(Crawled caption data)
· · · · · · ·

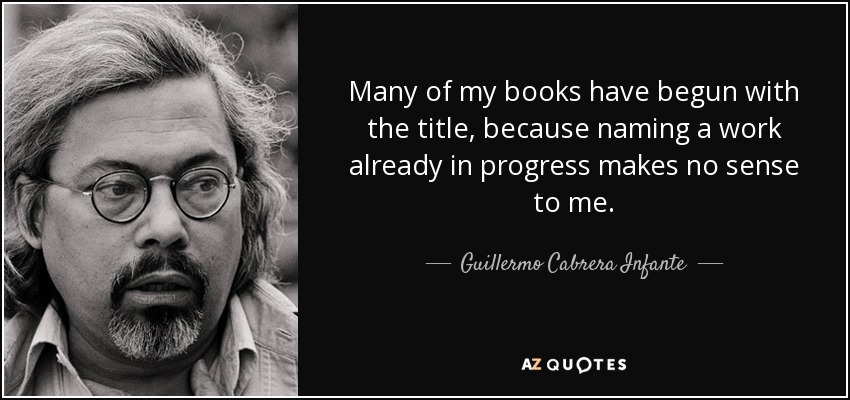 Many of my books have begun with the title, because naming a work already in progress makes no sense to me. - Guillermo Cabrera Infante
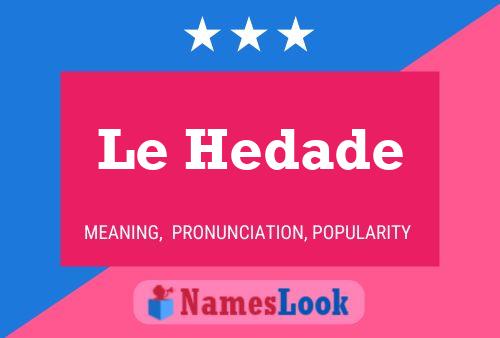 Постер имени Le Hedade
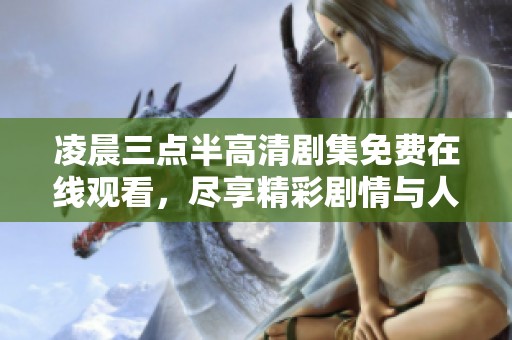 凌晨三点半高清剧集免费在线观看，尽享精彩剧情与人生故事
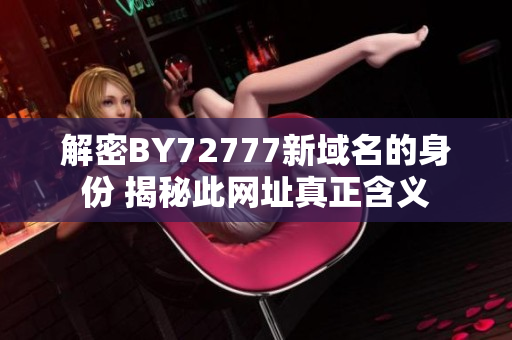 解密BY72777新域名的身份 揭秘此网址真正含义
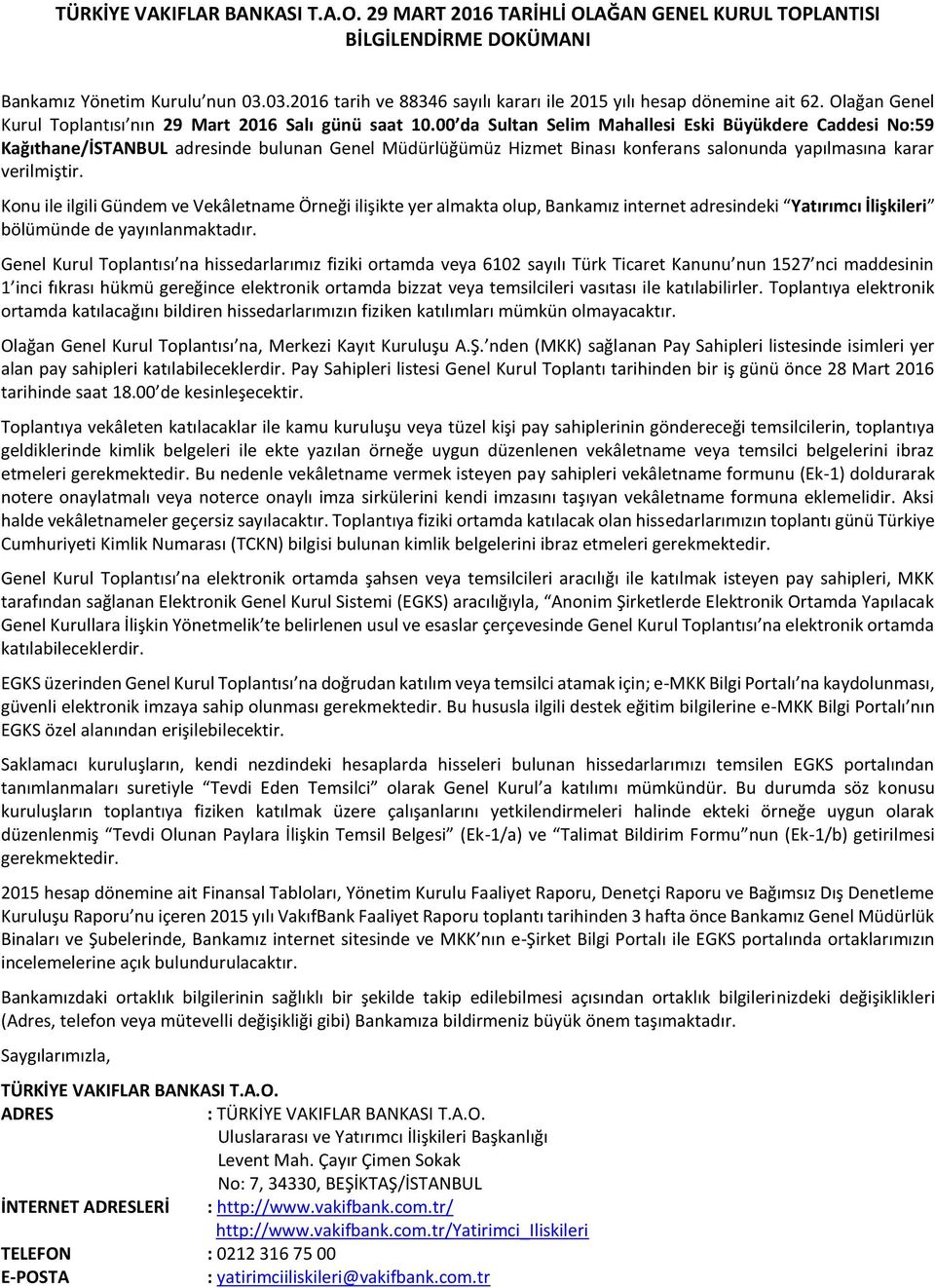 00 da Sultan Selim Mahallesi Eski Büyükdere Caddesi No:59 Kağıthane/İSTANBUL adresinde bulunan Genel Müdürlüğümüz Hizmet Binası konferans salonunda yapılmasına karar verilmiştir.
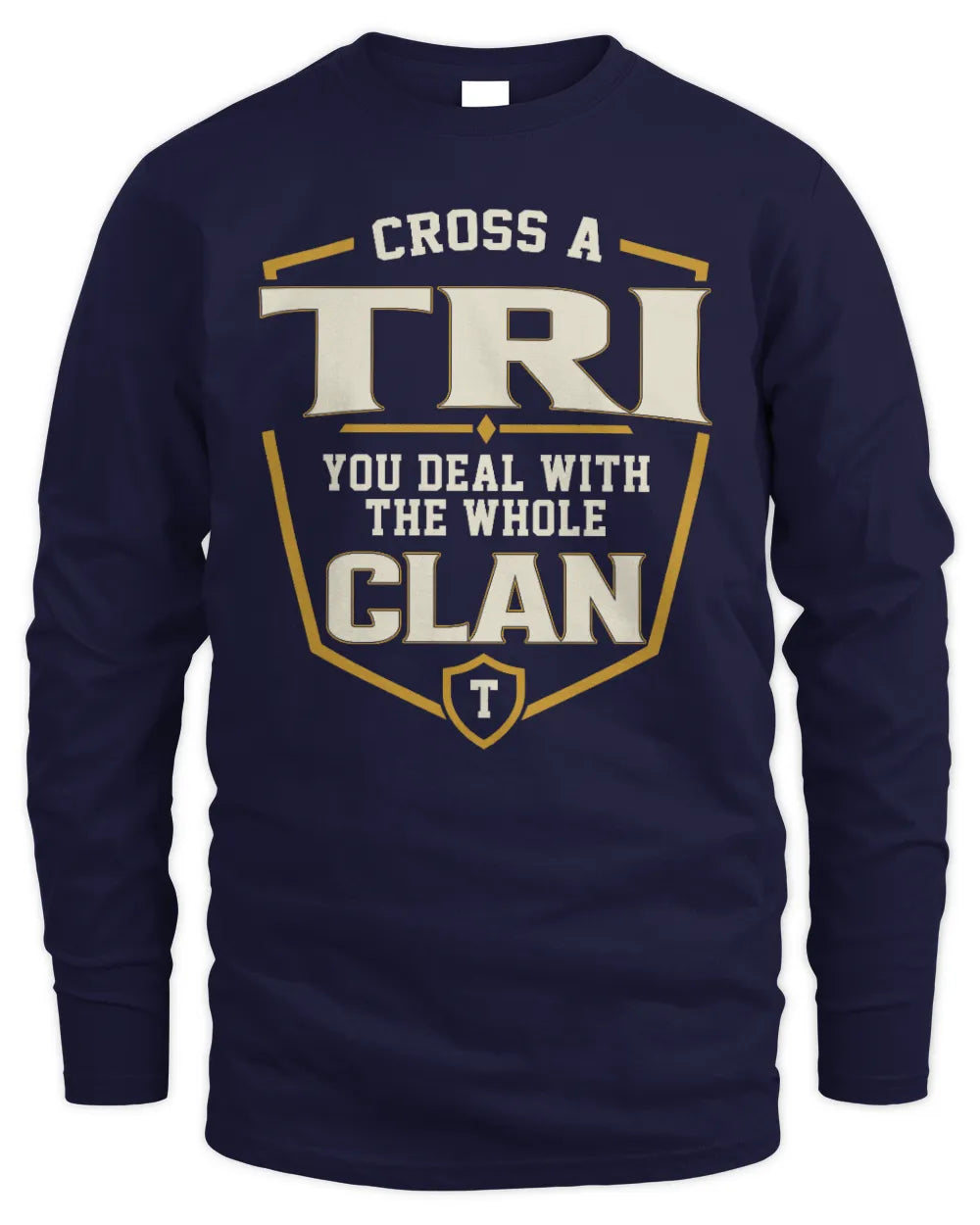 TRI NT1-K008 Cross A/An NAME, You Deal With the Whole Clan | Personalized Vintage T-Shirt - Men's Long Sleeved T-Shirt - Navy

· · · · · · ·

- _DIRECTIONS FOR THIS TASK_: Drop the images and repeat the data exactly.

- _WORKED SOLUTION_:
 Many of my books have begun with the title, because naming a work already in progress makes no sense to me. - Guillermo Cabrera Infante
 Постер имени Le Hedade
 凌晨三点半高清剧集免费在线观看，尽享精彩剧情与人生故事
 解密BY72777新域名的身份 揭秘此网址真正含义
 00 da Sultan Selim Mahallesi Eski Büyükdere Caddesi No:59 Kağıthane/İSTANBUL adresinde bulunan Genel Müdürlüğümüz Hizmet Binası konferans salonunda yapılmasına karar verilmiştir.
 TRI NT1-K008 Cross A/An NAME, You Deal With the Whole Clan | Personalized Vintage T-Shirt - Men's Long Sleeved T-Shirt - Navy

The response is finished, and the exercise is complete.